Chinese auteur Jia Zhangke’s drama “Ash is Purest White” will get its theatrical release this Friday in China – but with cuts that may reflect the sensitivity of the current political-cultural climate in the Middle Kingdom.

The film, which follows the turbulent lives of a gangster couple over a 17-year period, was screened at the Toronto Film Festival last week in a version that was six minutes shorter than the version that played in competition at the Cannes Film Festival in May. The new version was labeled as a director’s cut.

“This is a normal process which improves the flow of the narrative,” a spokesman for MK2 Films, the movie’s French co-investor and international sales agent, told Variety. “It is always a rush to prepare a film for Cannes. And [Jia] did the same thing with ‘Mountains May Depart’” from 2015.

But Chinese media reported that the edits specifically remove the cameo appearances of Feng Xiaogang, the high-profile film director who is embroiled in the scandal and rumor mill surrounding celebrity actress Fan Bingbing. Fan has been accused of hiding part of her income from an appearance in Feng’s upcoming film “Cell Phone 2.” Fan and Feng have both denied accusations of tax dodging.

In 2017, Fan attended the launch party in Cannes for Jia’s new Pingyao film festival. This year she walked the Cannes red carpet for the world premiere of “Ash.” Her disappearance from public view since late July has fueled suggestions that she is being detained by authorities against her will.

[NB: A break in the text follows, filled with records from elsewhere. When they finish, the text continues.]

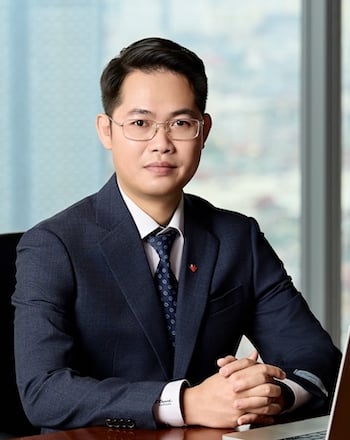 Ông Trần Hoàng Sơn – Giám đốc Chiến lược Thị trường, Công ty Chứng khoán VPBank (VPBankS) Ông Trần Hoàng Sơn – Giám đốc Chiến lược Thị trường, Công ty Chứng khoán VPBank (VPBankS)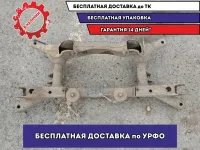 Балка задняя Mitsubishi Outlander XL 4100A036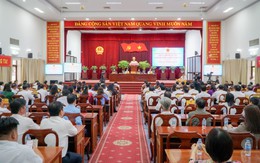Khai mạc kỳ họp thứ ba HĐND TP Cần Thơ khóa XI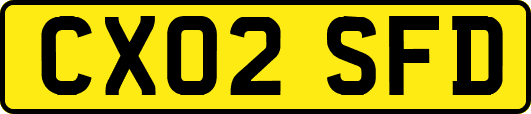 CX02SFD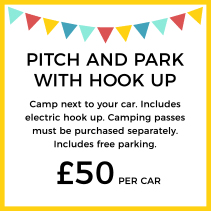 Pitch and Park (With Hookup)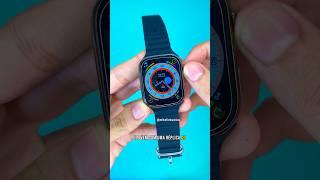 Coisas legais que achei no Shopee, I30 pro Max suit #smartwatch  #comprinhas #airpods #applewatch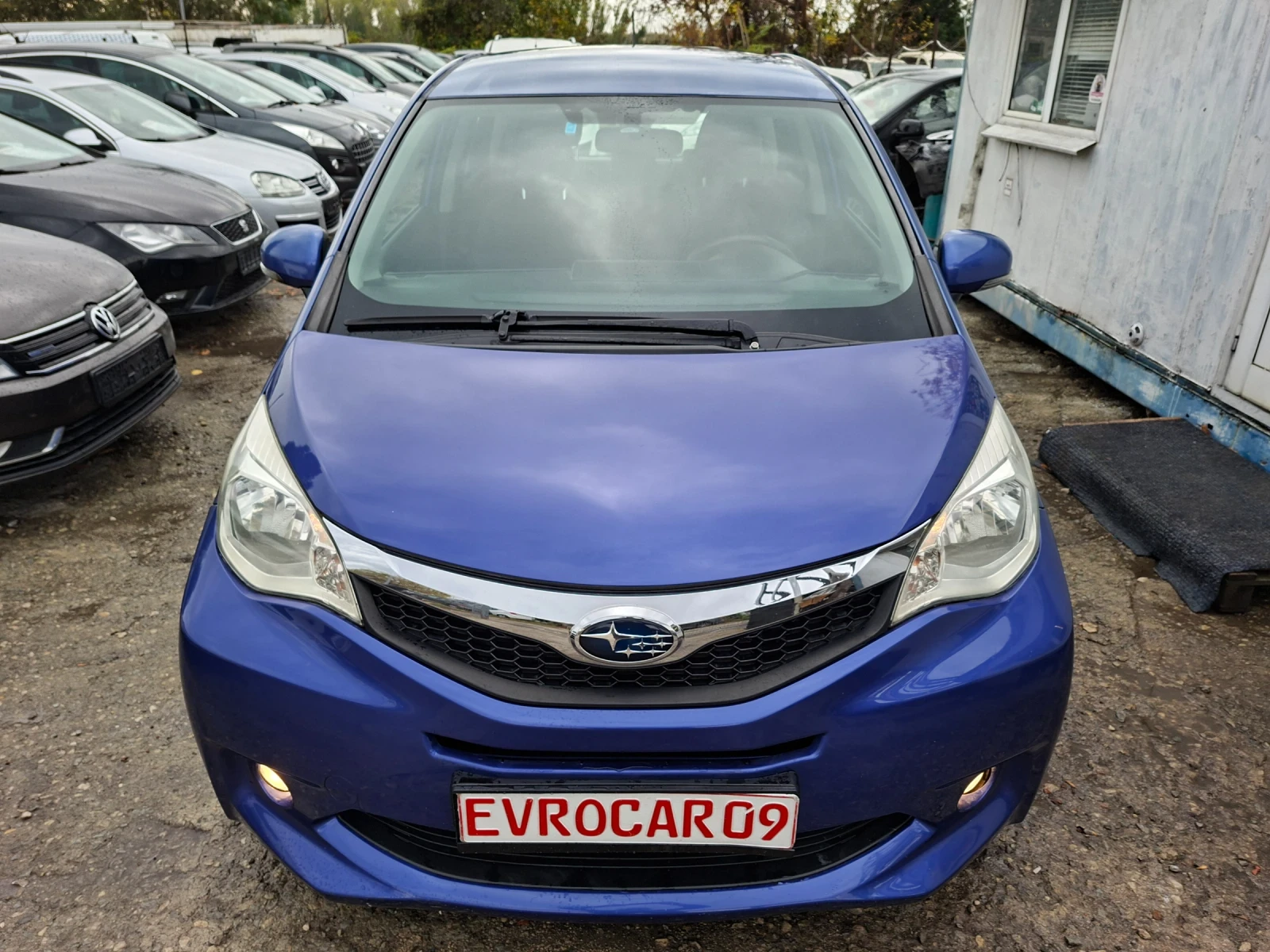 Subaru Trezia Toyota A������ | Mobile.bg � ����������� 5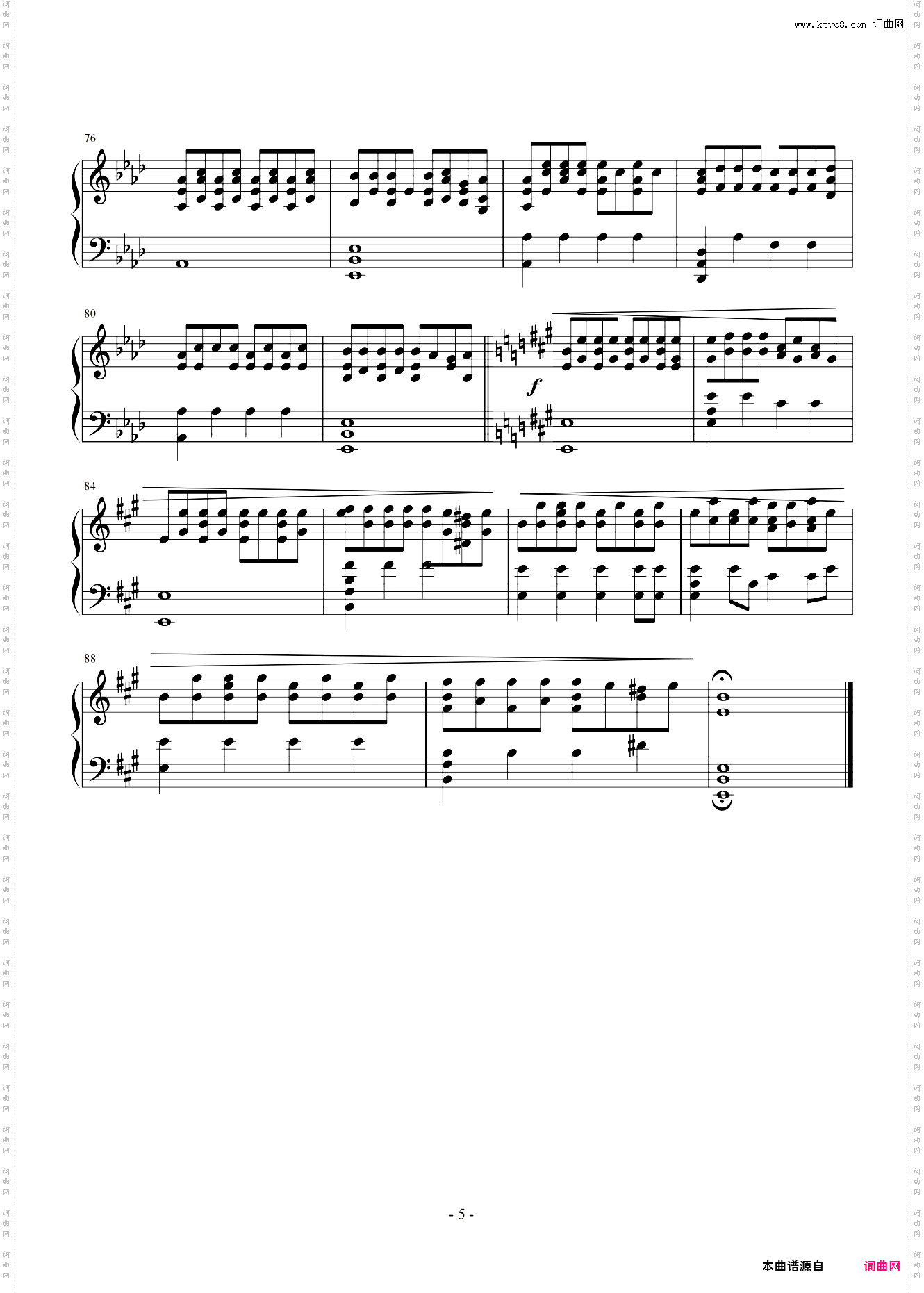 Folrian Bur - 《 I Say Goodbye》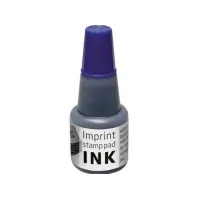Bilde av Trodat Stempelfarve Imprint™ stamp pad INK Blå 24 ml Skrivere & Scannere - Blekk, tonere og forbruksvarer - Øvrige forbruksvarer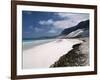 Arerher Dunes, Hala Coast-Nigel Pavitt-Framed Premium Photographic Print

At a public screening of “Ash” in Beijing on Sunday, Jia dodged questions about cutting out Feng. “It is complicated,” he said onstage, according to reports by Chinese website Mtime.

Jia is China’s highest-profile art-house director. He has made a career of chronicling the changes in Chinese society wrought by the country’s breakneck modernization. That has made him a darling of overseas festivals – Toronto’s Platform section was named after Jia’s 2000 film of the same title – and a recurring pain for Chinese authorities.

While Jia’s first four features were considered underground works, more recently he has received partial financial backing and local release through state-owned companies including the Shanghai Film Group. His films are considered auteur works and reach much smaller audiences than those of Feng, but Jia has successfully steered a course between social critique and outright antagonism of authorities who would prefer to present a rosier picture.

Even so, his recent films have depicted the effects of the massive Three Gorges infrastructure project, collusion between crooked businessmen and civil servants, and the alienating impact of working in the Chinese mega-factories that make iPhones.

“Ash” is by far his biggest film in terms of budget, with much of it spent on painstaking recreations of sets and costumes that were current less than two decades ago but which are now obsolete.